Described as the “grand-daddy of all animal-attack thrillers,” The Birds debuted in March 1963. “It could be the most terrifying motion picture I have ever made,” Hitchcock said.The scenes of crazed birds swooping down chimneys, rampaging through attics and pelting phone booths stirred memories of that August day for Dymesich. “Everybody who was down there that morning probably flashed back on it,” he says.
The screenplay references the 1961 aerial assault but shifts the location to a neighboring locale. “Something like this happened in Santa Cruz last year.

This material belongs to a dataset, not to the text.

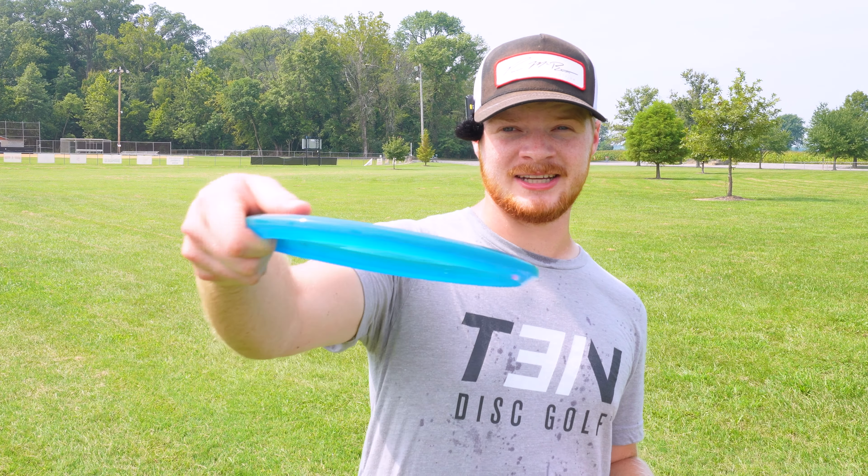Let's see how it feels on forehand — with the overstability, I have high hopes for it. The Archive is very nice on forehand. The overstability is unlike other mid-ranges where normally on forehand they're not very torque resistant, so they'll turn over and flip. This thing is not the case at all — very nice on forehand.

The town was covered with seagulls,” recalls one character. “They made some mess, too, smashing into houses and everything.”
That allusion raised eyebrows in Capitola. “In reality, he should say Capitola or Pleasure Point because that’s really where it occurred,” says Deborah Osterberg, curator of the Capitola Historical Museum. “Hitchcock was very well aware of Capitola, so it’s strange to me that he mentioned Santa Cruz in the movie.”
Audiences hoping for a tidy ending left the theater dissatisfied as Hitchcock’s movie offered no explanation for the birds’ unusual aggression. “We decided that it would be science fiction if we explained why the birds were attacking,” said screenwriter Evan Hunter. “It would have greater meaning if we never knew.”
For decades, the cause of the 1961 Capitola bird invasion also remained a mystery—until science eventually cracked the case.
Scientists Identify Bird Invasion Culprit
In the invasion’s immediate aftermath, numerous explanations emerged: The birds were dizzy from overeating or confused by heavy artillery fire at nearby Fort Ord. “One of the educated guesses was that the birds lost their way in an ocean fog, which makes no sense because we always get fog here in the summer,” Osterberg said.
Fast forward to 1991 when more than 100 brown pelicans and cormorants died on the north side of Monterey Bay. Investigators subsequently discovered that the birds had eaten anchovies laden with domoic acid, a naturally occurring poison made by a marine phytoplankton called Pseudo-nitzschia.Domoic acid—which becomes more concentrated as it moves up the food chain—can cause disorientation, seizures and death.
A 1995 study led by UC Santa Cruz oceanographer David Garrison theorized that toxic microalgae caused the 1961 event, but proof was lacking until a team of researchers published a 2012 study in the journal Nature Geoscience. By analyzing gut contents of archival zooplankton collected from Monterey Bay in July and August 1961, the scientists discovered at least 79 percent of the plankton were infected with the toxic Pseudo-nitzschia. The deadly poison moved through the food chain, from fish to birds, and eventually made its mark on one of cinema’s most iconic thrillers.